Population pharmacokinetic-pharmacodynamic modelling of rifampicin treatment response in a tuberculosis acute mouse model
Chunli Chen (1), Fatima Ortega (2), Joaquin Rullas-Trincado (2), Raquel Moreno (2, 3), Inigo Angulo (2), Santiago Ferrer (2), Ulrika SH Simonsson (1)
(1) Department of Pharmaceutical Biosciences, Uppsala University, Uppsala, Sweden; (2) GlaxoSmithKline Diseases of Developing World (DDW) Medicines Development Campus, Tres Cantos (Madrid), Spain; (3) Tecnalia Research&Innovation Foundation-Universidad del País Vasco (UPV), Vitoria (Alava), Spain
Methods: Rifampicin blood concentrations after different single oral doses (1 mg/kg, 3 mg/kg, 10 mg/kg, 30 mg/kg and 100 mg/kg), single intravenous (12 mg/kg) and multiple oral administrations (10 mg/kg for 3 days) were used in the population PK analysis. One sample from each healthy mouse (n=30) after single dosing administration and several samples from each healthy mouse were available from multiple dosing administrations (n=3). C57BL/6 mice were intratracheally infected with Mycobacterium tuberculosis H37Rv at day 0. Rifampicin was administered daily by oral gavage from day 1 to day 8. At day 9, 24 hours after last administration, mice were sacrificed. Their lungs were obtained, homogenized and plated to measure the colony-forming units (CFUs) per mouse. Pharmacodynamic data  from mice who received multiple daily rifampicin administrations up to 8 days were include in the PD model. The PK model was first developed and thereafter the PD model was developed using a sequential fit with fixed population PK parameters. All modeling were done using NONMEM, version 7.2 [2, 3]. Xpose was used for data exploration and visualization, model diagnostics and model comparison . PsN  was used for visual predictive check (VPC) of models.

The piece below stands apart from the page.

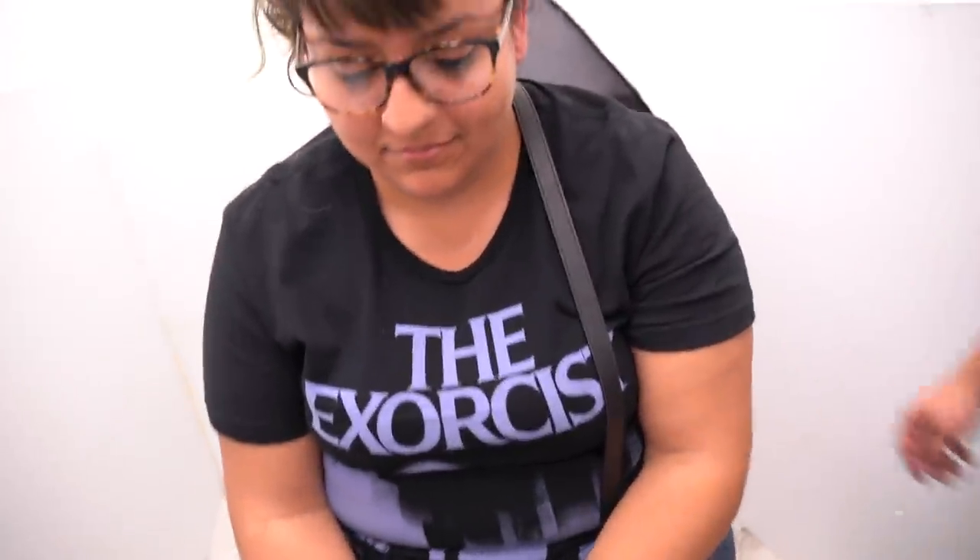Can you just take this hundred dollar bill? We're paying everybody who steps out with a hundred dollar bill. Just don't tell anyone — here's a fat tip. Here's a ten.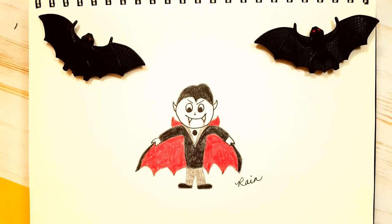Hi everyone! Welcome to Rain Francis Art for Kids. My name is Rain. In this series, Halloween Party, we draw and paint and create everything that has to do with this spooky season of Halloween. It's spooky season and today I'm going to show you how to draw Count Dracula. So let's begin!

Results: A one compartment model with first-order absorption and elimination provided the best fit to the pharmacokinetic data. The volume of distribution was significantly lower for the lowest oral dose (1 mg/kg). Inter-animal variability (IIV) in absorption rate constant (ka) and clearance (CL) was estimated to 43.8% and 18.9%, respectively. The bioavailability was estimated to 67.6%. The PD model composed by bacteria compartments, and the drug effect was introduced in the model according to the mechanism of action of rifampicin.
Conclusions: The final PKPD model described the data well and can be used for studying drug effects in mice from mono-therapy as well as drug combinations.